The IAEA’s Safeguards Division, one of several divisions, carries out a number of tasks meant to provide member states with a reasonable assurance that states are accounting for the nuclear material in their possession, and that they are not diverting material or facilities for illicit use. The agency’s safeguards are based on assessments of the correctness and completeness of a state’s declarations of nuclear material and nuclear-related activities. Verification measures include on-site inspections, visits, and ongoing monitoring and evaluation. Basically, two sets of measures are carried out in accordance with the type of safeguards agreements in force with a state. First, the agency verifies state-issued reports of declared nuclear materials. Nuclear accountants check the record books to monitor consistency, and inspectors perform “material accountancy” by physically installing and observing tamper-proof seals on storage vessels and cameras in sensitive areas. These inspections verify non-diversion, essentially keeping tabs on nuclear material that states use for nuclear power to make sure that none goes missing by being diverted for weapons uses. Second, as of 2012, 115 of 181 countries with IAEA safeguards agreements have concluded an agreement with the IAEA known as the “Additional Protocol.”[xvii] (Another 23 have signed the protocol but not brought it into effect). This is a legal agreement that permits the agency to perform more intensive supervision to not only verify non-diversion, but also to provide some evidence about the absence of undeclared nuclear material in a state.

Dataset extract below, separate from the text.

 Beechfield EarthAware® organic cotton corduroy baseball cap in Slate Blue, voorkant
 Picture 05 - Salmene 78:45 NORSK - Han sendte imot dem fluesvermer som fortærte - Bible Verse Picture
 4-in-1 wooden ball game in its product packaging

Inspections come in several types. For new states and states making changes in their programs, the agency conducts ad hoc inspections to verify initial reports of nuclear material or report on changes to the report. Beyond that, the agency conducts routine inspections according to a predefined schedule and, occasionally, with very short-notice. In either case, the agency technically enters with the permission of the state, and in some cases, there are delays as states attempt to negotiate arrival and travel schedules with their hosts. The agency has the right to conduct routine inspections, but without the Additional Protocol or other agreements in place, it is limited to locations with a declared nuclear facility or declared sites that handle nuclear material. (There is a possibility that a state has nuclear material in undeclared or secret sites about which the agency could gather information, but not perform on-site inspections). The agency has the authority to conduct special inspections if it believes that the information provided by the state is not adequate for the agency to fulfill its safeguards responsibilities, but this power has rarely been used. Member states are uncomfortable with the agency entering a state without the state’s permission because such inspections would appear to infringe upon national sovereignty. In addition, the agency conducts safeguards visits to verify that the design, construction, and decommissioning of facilities are conducted according to standards and the information contained in countries’ official reports.

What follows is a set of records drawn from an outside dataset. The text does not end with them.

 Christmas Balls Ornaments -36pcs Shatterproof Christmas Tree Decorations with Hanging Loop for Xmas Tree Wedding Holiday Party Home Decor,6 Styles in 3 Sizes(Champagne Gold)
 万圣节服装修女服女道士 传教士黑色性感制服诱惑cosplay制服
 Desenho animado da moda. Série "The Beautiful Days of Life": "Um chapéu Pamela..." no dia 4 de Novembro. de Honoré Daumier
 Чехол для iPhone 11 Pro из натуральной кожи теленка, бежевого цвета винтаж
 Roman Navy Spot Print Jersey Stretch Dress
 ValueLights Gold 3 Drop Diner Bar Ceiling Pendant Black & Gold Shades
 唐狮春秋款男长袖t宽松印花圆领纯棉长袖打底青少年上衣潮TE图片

Are Safeguards Infinitely Expandable?
The IAEA has developed a range of safeguards tools, from accounting procedures that date back to the agency’s earliest days, to basic tools such as tamper-proof seals and cameras, to more advanced methods for environmental sampling to measure traces of nuclear materials. These tools may provide some efficiency in performing safeguards in new places, particularly environmental sampling which can be conducted at a distance. Most likely, however, each of these tools and each type of inspection will have to be repeated in new countries and new facilities with the expansion of nuclear power.
This increase raises a question:
Are IAEA safeguards infinitely expandable, or do they reach a breaking point at some level of capacity? It is not clear how one would know whether safeguards might reach a breaking point. Some systems are relatively easily scaled up. They can operate at higher levels of capacity using a larger version of the same structure. Among computer programs, contemporary peer-to-peer fire sharing systems without a central node are easily scaled up because increasing the number of peers does not increase demand on the system beyond the overall carrying capacity.[xviii] (This is an improvement over the first online peer-to-peer music file sharing systems that fell victim to severe bottlenecks). [xix]
In other cases, scaling up is much more complicated than making successful models even larger. In one famous example, the RMS Titanic, the largest passenger steamship in the world sank after striking an iceberg on its maiden voyage. The Titanic’s scaled up design failed for a number of reasons, including a lack of sufficient lifeboats. After the accident, cruise lines required that there be enough lifeboats on board to carry everyone on the ship. Ocean liners kept communication systems open 24 hours a day (since no one heard the Titanic’s distress call), and ships were much more careful about spotting and avoiding icebergs.
Though the Titanic became a paradigm for the hubris of engineers, it was not destined to fail on its maiden voyage. It was a victim of a faulty design and bad luck. Had the ship had not struck an iceberg and sank, people would have concluded that the celebrated scaled-up ocean liner design was a success. Shipbuilders would have built more ships modeled after the Titanic, and likely even larger ships.[xx] Designers might have added even more luxuries and reduced the number of lifeboats. Scaling up could have continued for years, maybe decades, until there was a catastrophic failure. How do we know that the IAEA’s safeguards system is not ripe for catastrophic failure? Safeguards could be like a Titanic that has been lucky enough not to strike an iceberg.
The Problem of Standards
To evaluate whether IAEA safeguards can function adequately with more kinds of nuclear facilities in more countries—or even whether they function adequately now—the agency needs clear and transparent standards. Standards would clarify how well the agency is meeting the obligations found in its statute, which came into force on July 29, 1957 and has been subsequently amended. Its safeguards obligations in particular have been interpreted with almost ecclesiastical attention to nuance. The IAEA’s safeguards mission is to verify “through its inspection system that States comply with their commitments, under the Non-Proliferation Treaty and other non-proliferation agreements, to use nuclear material and facilities only for peaceful purposes.” Until the discovery that Iraq had a clandestine weapons program, however, the statement was interpreted to read, “to use declared nuclear material and facilities…”[xxi] In other words, the agency read its mandate as to verify only the facilities that member states agreed to have inspected, leaving out other research, industrial, and military sites.[xxii] The agency took seriously the idea that member states that consented to agency inspections might attempt to conceal facilities only after the discovery of the Iraq program. The agency’s mission in a post-Iraq world is more complicated if it cannot assume that countries that consent to inspections are acting in good faith and are attempting to fulfill the obligations of the NPT.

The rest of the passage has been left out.